Anam Cara, at 150 Rangiuru Road, has four hectares of gardens, making an ideal setting for pottery club and clay artists from around New Zealand to exhibit their work. It offers a perfect summer’s day out, to wander the gardens, relax with a coffee and homemade baking, and find a treasure to take home.
Artists will be demonstrating their work throughout the festival. The demonstrations will include wheel and hand pottery, woodworking, sculpture, and blacksmithing.
Guest artists this year are Debbie Pointon, Fiona Tunnicliffe and Bruce Walford.
Bruce Walford is a ceramic artist born in South Africa. He was just 16 when he began his apprenticeship in ceramics and design under world-renowned ceramicist Federico Fabbrini.
Bruce has established studios and practised his craft in Florence, Edinburgh, Cape Town and Noosa and now lives near Palmerston North.
He is constantly pushing the boundaries to produce fresh, unique statement pieces and organic and freeform tableware. Also a glazing pro, he is currently working on his own translucent porcelain clays to create a perfect canvas for his reduction lustre and crystalline glazes.
Fiona Tunnicliffe has a passion for clay kindled during her school years. She did the ceramics course at Whanganui Polytechnic, expanding her knowledge and expertise under the tuition of George Kojis, Ross Mitchell-Anyon and Paul Winspear, and later completed the Otago diploma in ceramic art.
Fiona is best known for creating animal figures in various forms. Her unique creations and surface treatments of the clay make her work highly collectable.
Debbie Pointon is a multi-media artist working in the fields of painting, sculpture, doll art and assemblage box art.
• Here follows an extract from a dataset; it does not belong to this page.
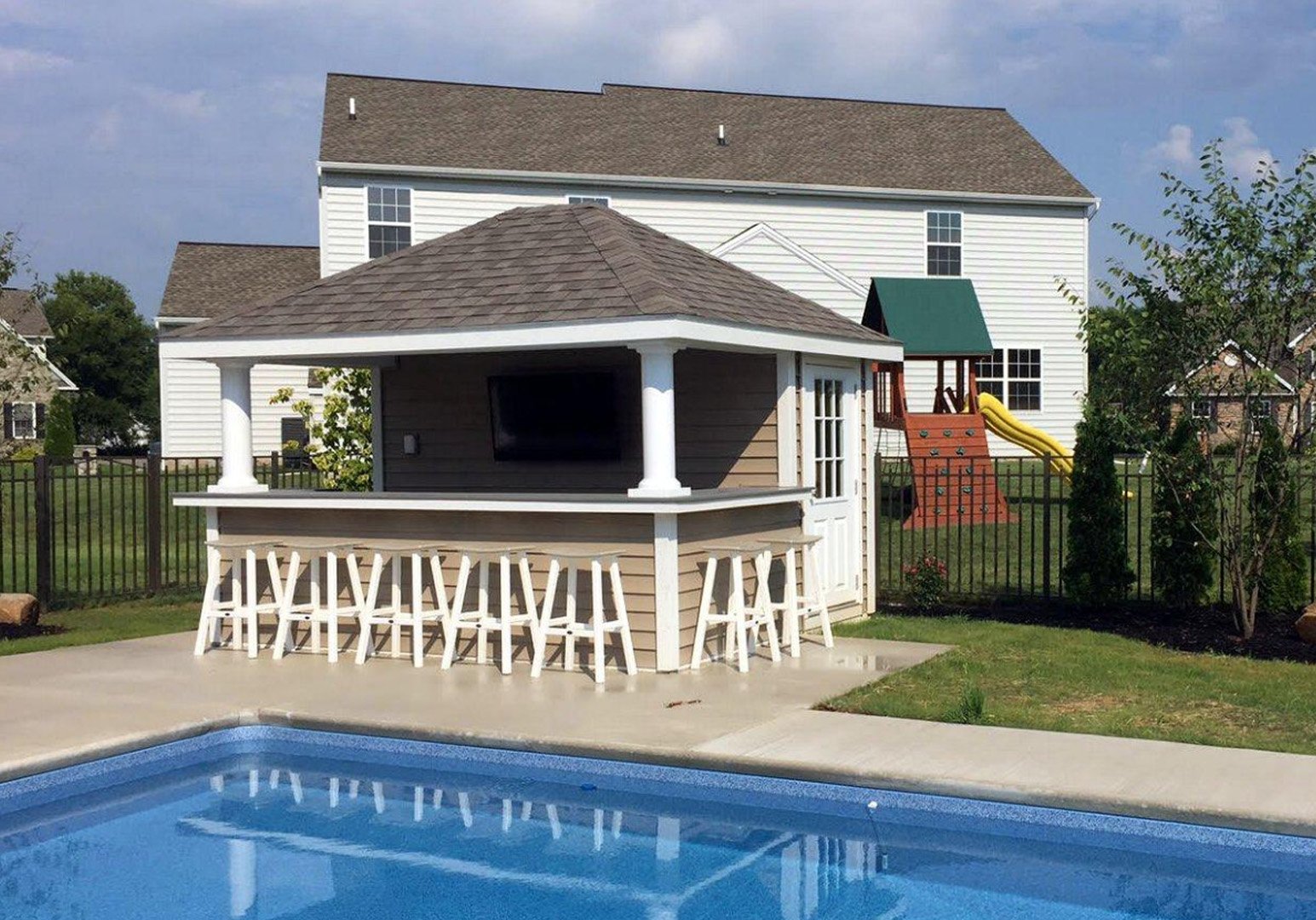 Homestead-structures-siesta-poolside-bar-001.jpg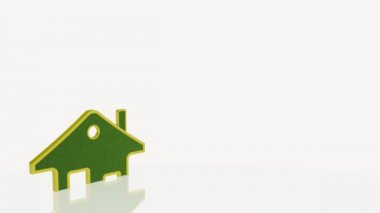 Beyaz alegori üzerinde büyüyen evler.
She enjoys the complexities of deconstruction by tearing fabric and papers to produce layered images. Debbie is an elected member of the NZ Academy of Fine Art and her work is held in many public and private collections.
Debbie’s box-art pieces, intricate assemblages crafted from antique furniture, ornaments, and other assorted paraphernalia, are like antique memento boxes.